Problem Set 2

This is the archived website of SI 335 from the Spring 2015 semester. Feel free to browse around; you may also find more recent offerings at my teaching page.

Print version, with cover page (pdf)
Due Date: Wednesday, February 18

1 Popularity contest

An ice cream store recently sampled many flavors for its top customers. Each customer then voted for their favorite.

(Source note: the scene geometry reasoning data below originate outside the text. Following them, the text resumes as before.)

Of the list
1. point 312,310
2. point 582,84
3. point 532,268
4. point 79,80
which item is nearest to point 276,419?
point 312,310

Now the ice cream store wants to know which flavors were really popular and received more than one-third of the votes.

So here's your task: given a list of numbers A of length n, find all numbers x that occur more than n/3 times in A. These are the popular numbers.

Note that there can be 0, 1, or 2 popular numbers. (It's impossible to have three things that all occur more than one-third of the time.)

The first, basic algorithm you think of is the following:

def popular_basic(A):
    '''Returns all elements that occur more than n/3 times'''
    apop = []
    for x in A:
        if count(A, x) > len(A)/3:
            apop.append(x)
    return apop
 
def count(A, x):
    '''Returns the number of times x occurs in A'''
    c = 0
    for a in A:
        if a == x:
            c += 1
    return c

What's the running time of this popular_basic algorithm, in terms of n?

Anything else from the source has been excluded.